What you are asked to do
The reply should hold nothing except the lines from the one with "Image No.29-3 Bed Villa for sale" through the end of the entries, duplicated exactly and with no pictures.

(Material to process)

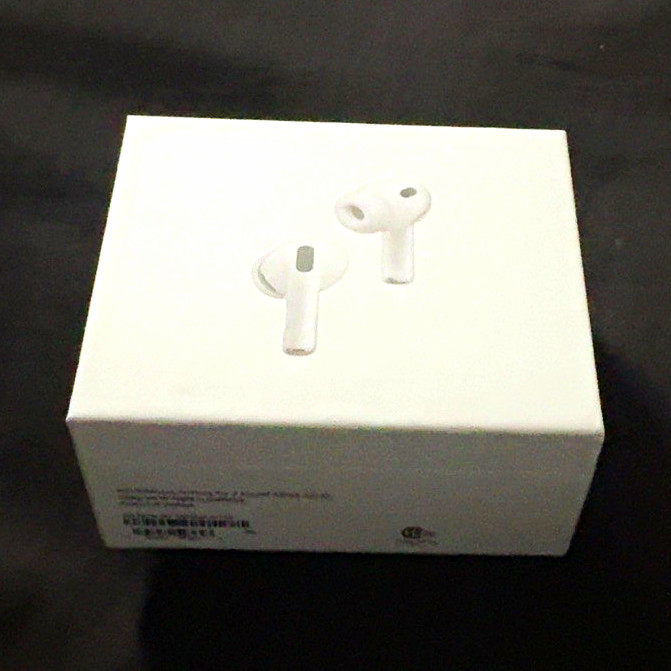 Apple AirPods Pro 3 In-Ear Wireless Bluetooth Earbuds w/ Noice cancellation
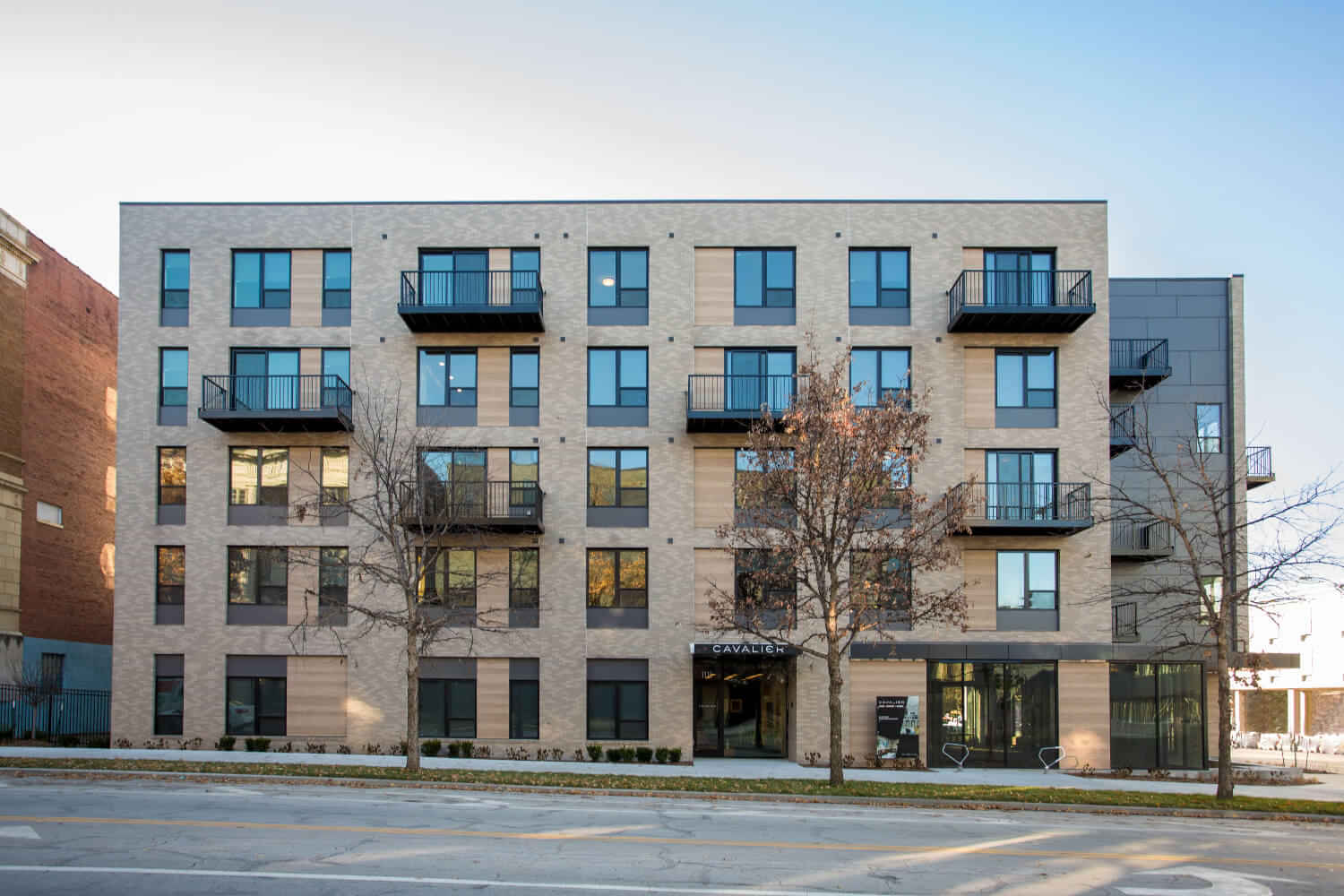 Cavalier At The Crosswalks, Kansas City - 3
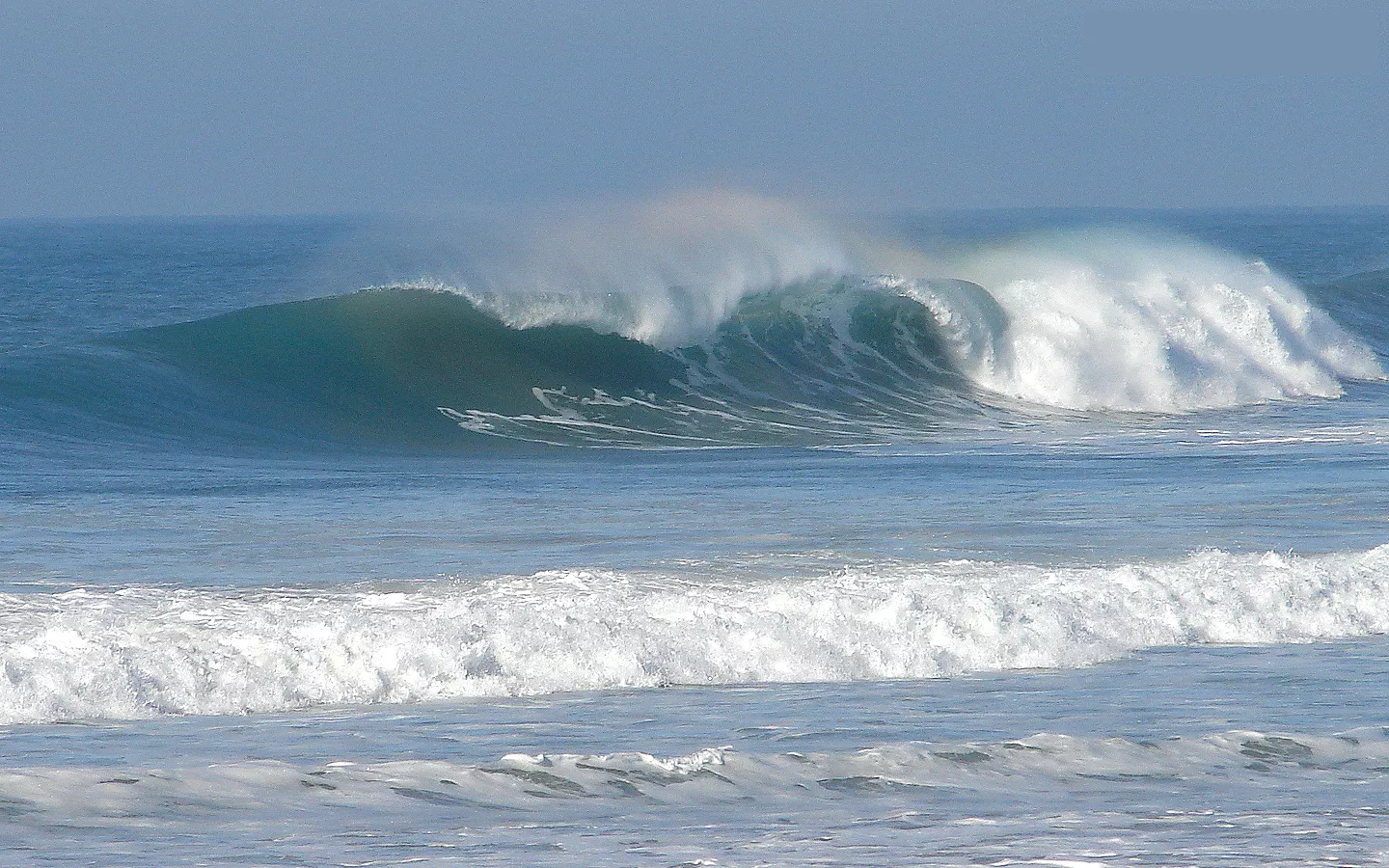 olas.jpg olas.jpg
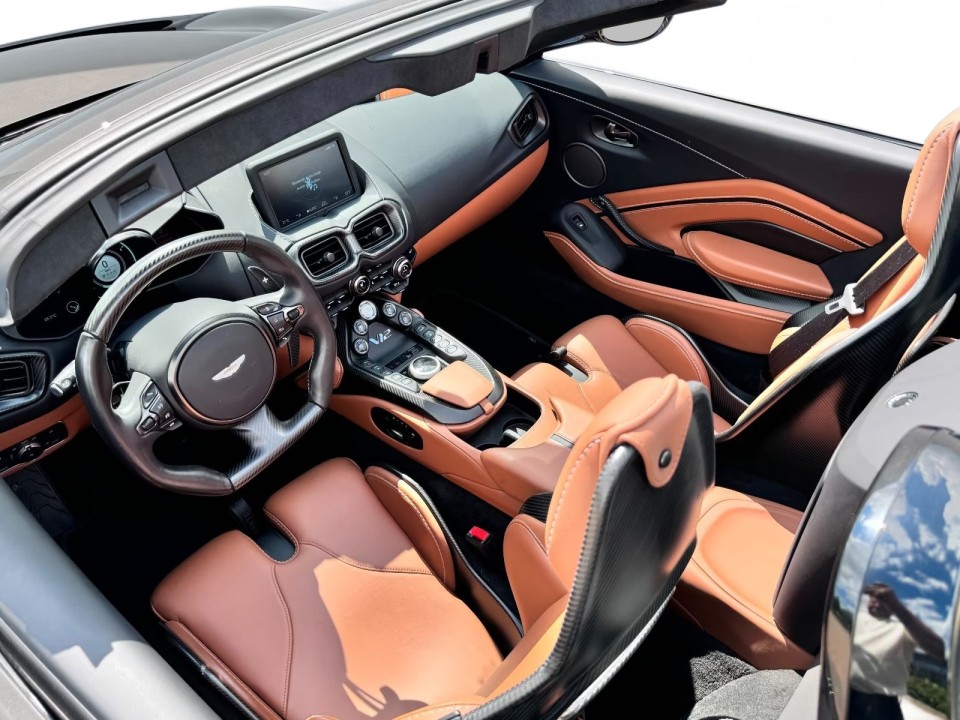 Aston Martin Vantage V12 Roadster - foto 8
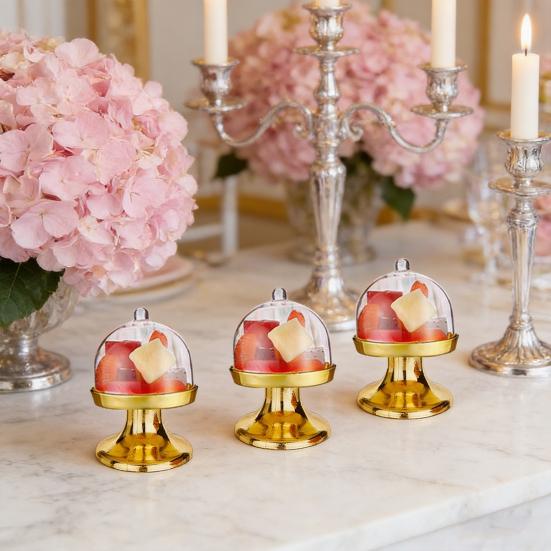 Mini-Kuchenständer aus Kunststoff mit Kuppelhaube Klar Dessert Cupcake Ausstellungsständer Schokoladen-Süßigkeiten-Platte für Geburtstag Feiertag Babyparty Teeparty Zubehör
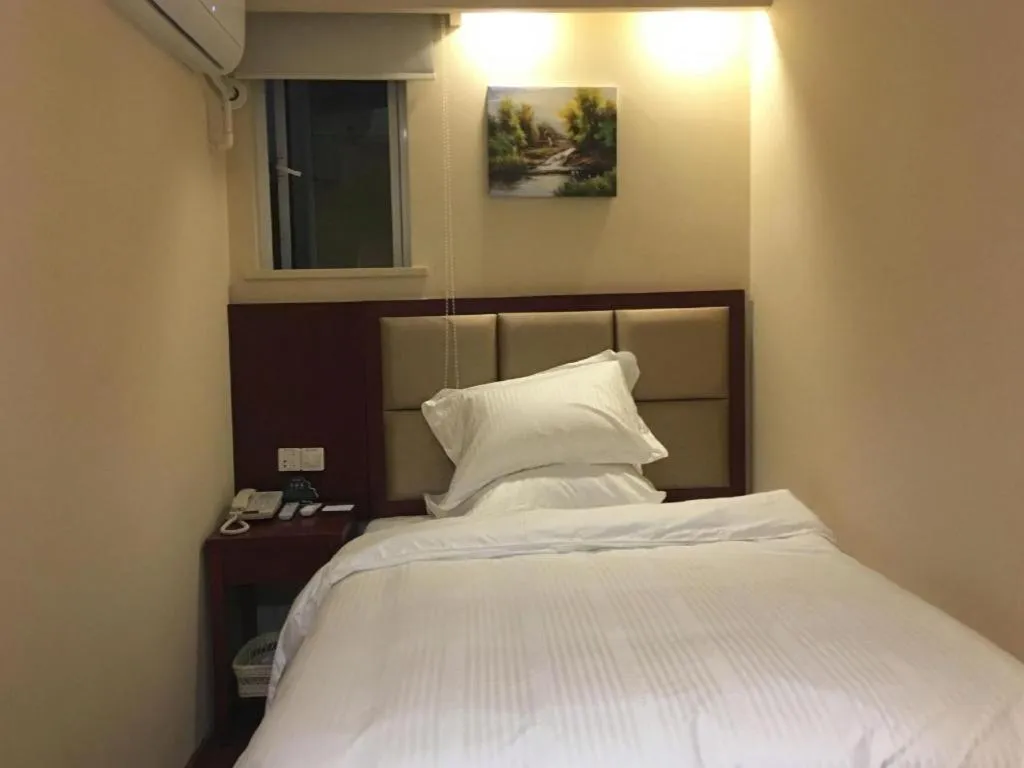 Bed in GreenTree Inn Suzhou Guanqian Street Leqiao Metro Station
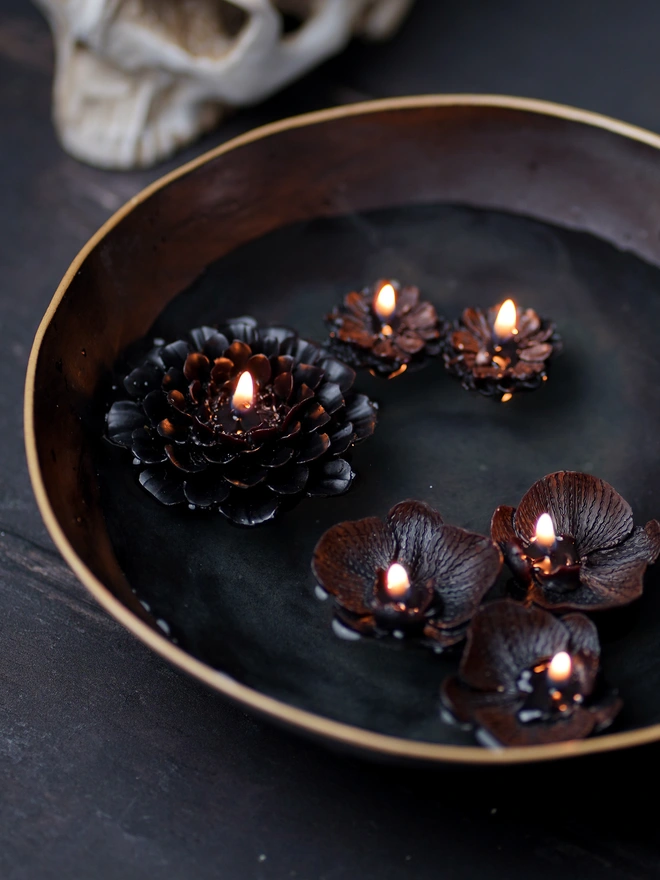 The Dark Floating Flower Candles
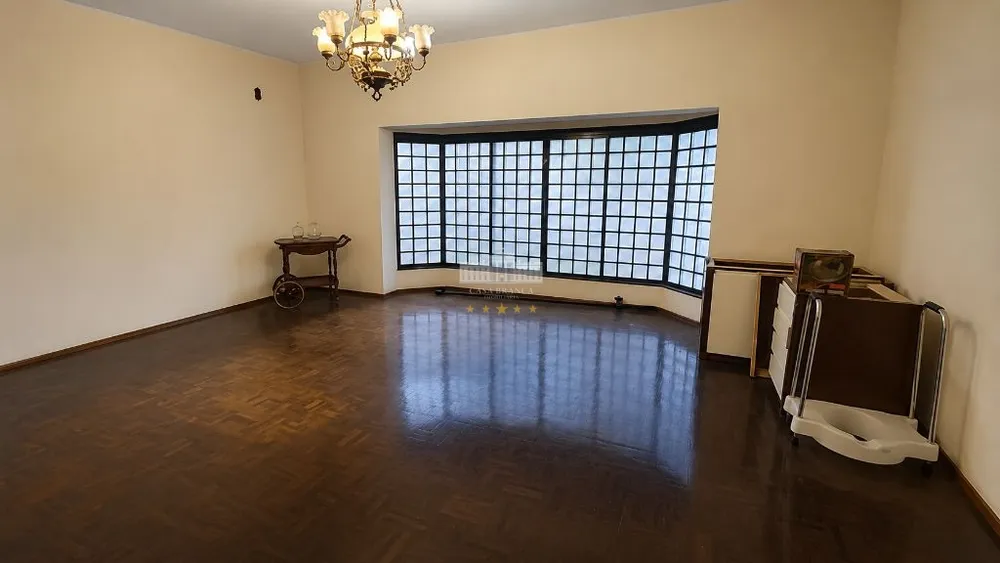 Casa, 3 quartos, 210 m² - Foto 1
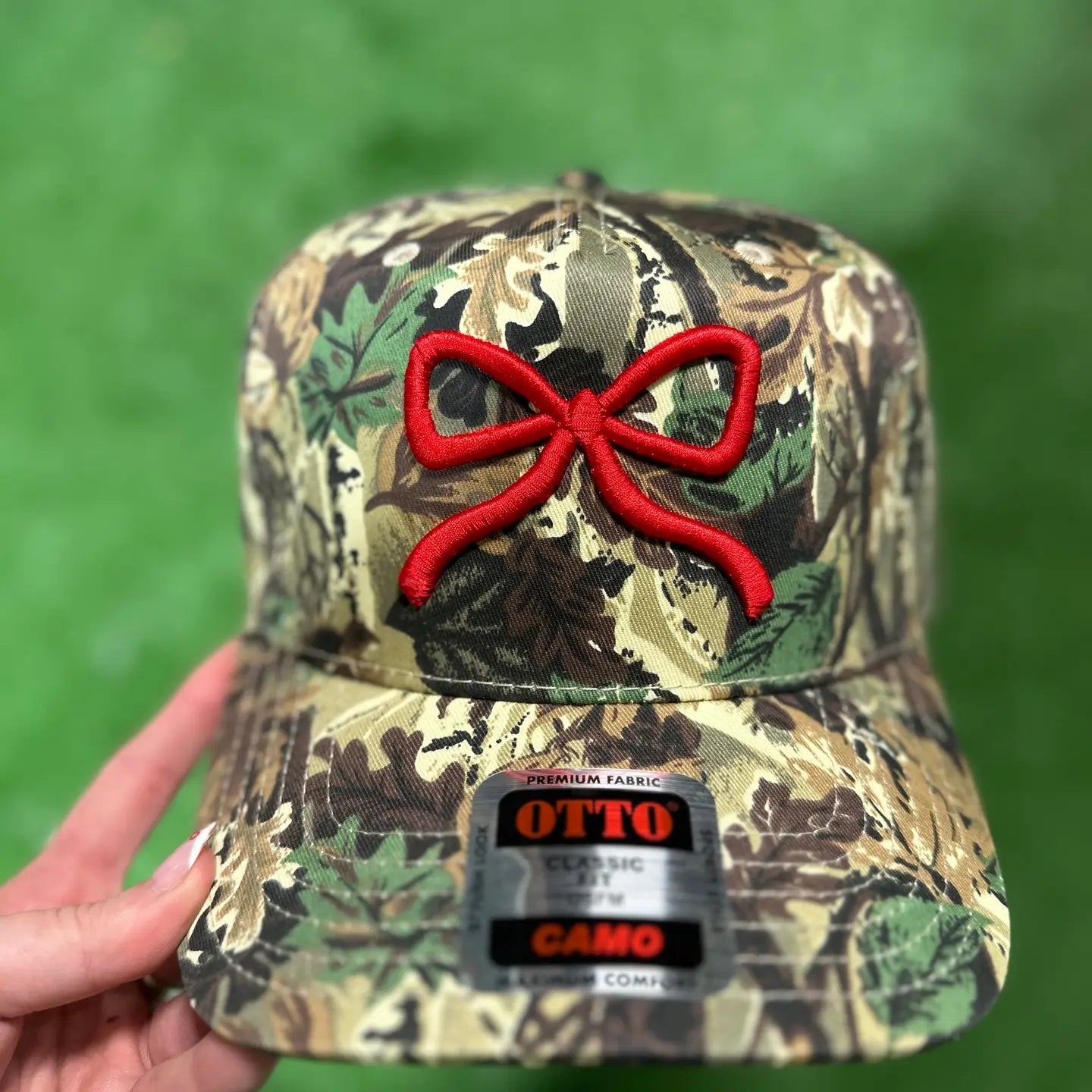 CHRISTMAS BOW CAMO HAT
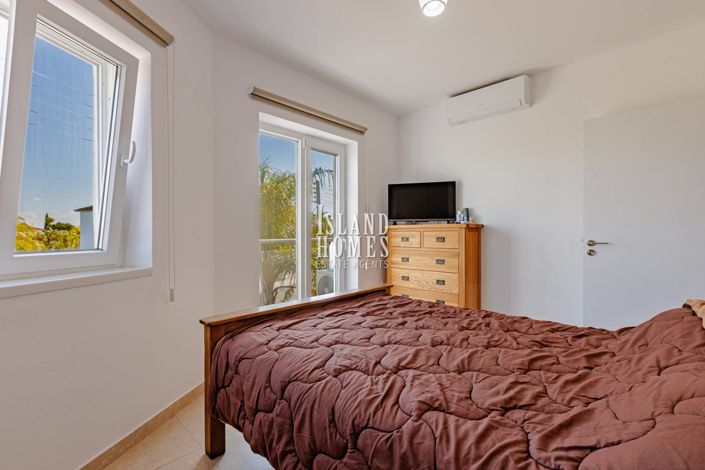 Image No.29-3 Bed Villa for sale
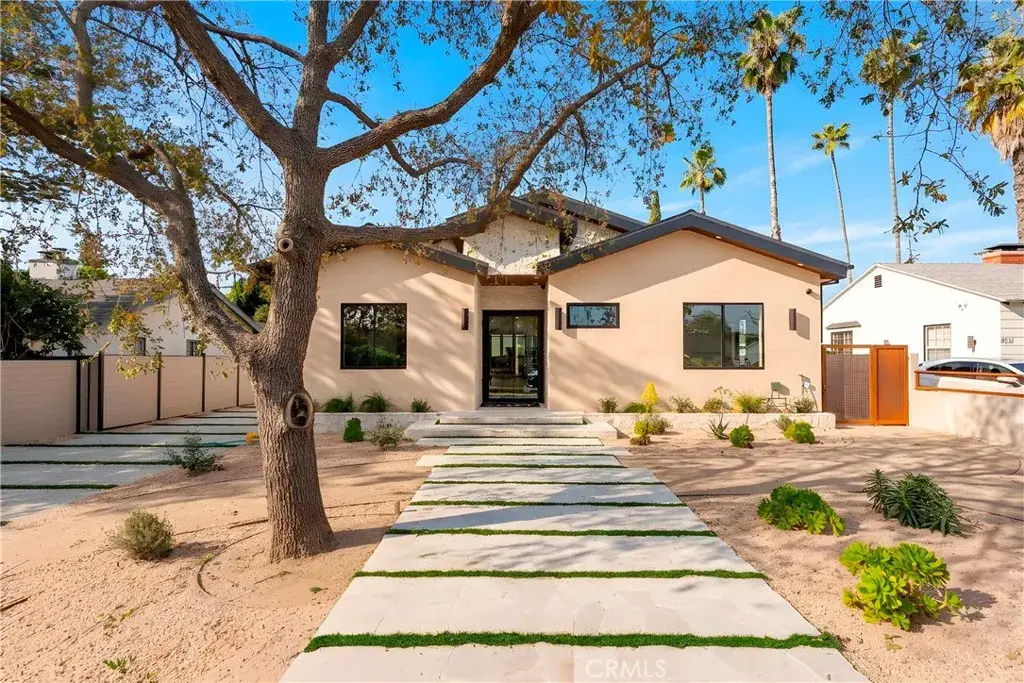 5525 Carpenter Avenue, Valley Village, CA 91607 - #1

(End Material to process)

Problem solution
 Image No.29-3 Bed Villa for sale
 5525 Carpenter Avenue, Valley Village, CA 91607 - #1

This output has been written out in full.